Cavan is having a bit of a struggle with everything. He was as prepared as any four year old could be prepared. We talked about the baby growing inside for months before his arrival. We told him how great he was going to be as a big brother. We made sure to affirm to him that he was loved, and though a little baby takes a lot of mom and dad’s attention, we still loved him very much. Sigh, he still is struggling.
I am not sure that Cavan is even aware of his behavior. He is defiant, reverting to a sort of baby talk, and downright disobedient. I watch him act this out and try to help him through it. I don’t think that it is backed by motive. I don’t think he even thinks about it at all. He just knows that things are different, a sort of new normal. He also knows that somehow he now has to share the exclusive relationship that he has held with his parents. That doesn’t necessarily translate into a motive and response, just an uneasy feeling that things are not what they once were.
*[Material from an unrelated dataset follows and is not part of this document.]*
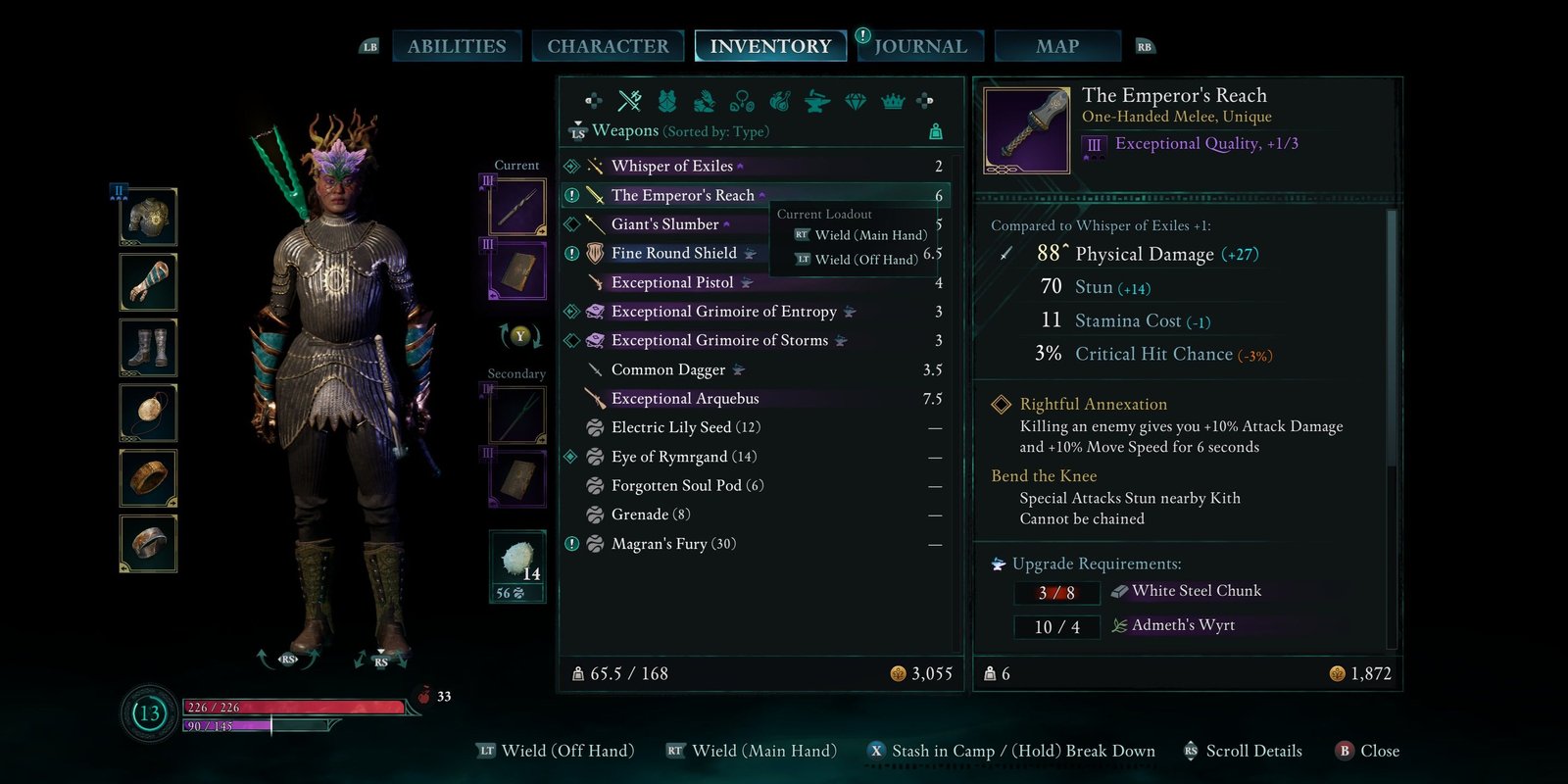 The upgraded Emperor's Reach in Avowed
All of these things makes me wonder about church. It is because church is and has been such a big part of my life. I think back when I was a young believer, trying to find my place in the family of faith. I think about the heavy feeling in the pit of my stomach at some of the new arrivals. It wasn’t all the time, but sometimes new people would show up with similar gifts or even more developed ones than those I possessed. While never rude or unkind, I was often uncomfortable deep down to see the leaders in the church laughing and seeming to have a great time with the new arrivals. I wonder if somehow I was less than inviting, less than engaging, and less than loving. I wonder too if that is why sometimes a congregation seems closed to those who come through the doors. It’s ok for them to be there as long as they aren’t getting our attention, our thunder, our special place at the table. We aren’t rude or mean, just less than. Not motivated by malice, just changed by some uncomfortable feeling as we adjust to the new normal.
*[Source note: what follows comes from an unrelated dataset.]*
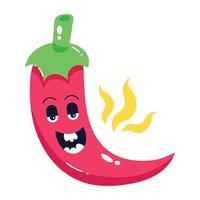 Trendy Red Pepper vector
Cavan is a great and loving child. He wants to touch his new baby brother; to hold him and feed him. He loves it when Kian wraps his little hand and squeezes Cavan’s finger. He really does have a deep heart love for his new little brother. His behaviors, well, we can deal with those as they arise. I love them both with all of my heart. As Dad, I keep a watchful eye while trusting that the older child will play nice with the younger. I hope so. I want my family to live love and trust with one another. I think our Heavenly Dad wants us to live the same love and trust. I hope it is going well for you today. Welcome them in. Family is amazing, isn’t it?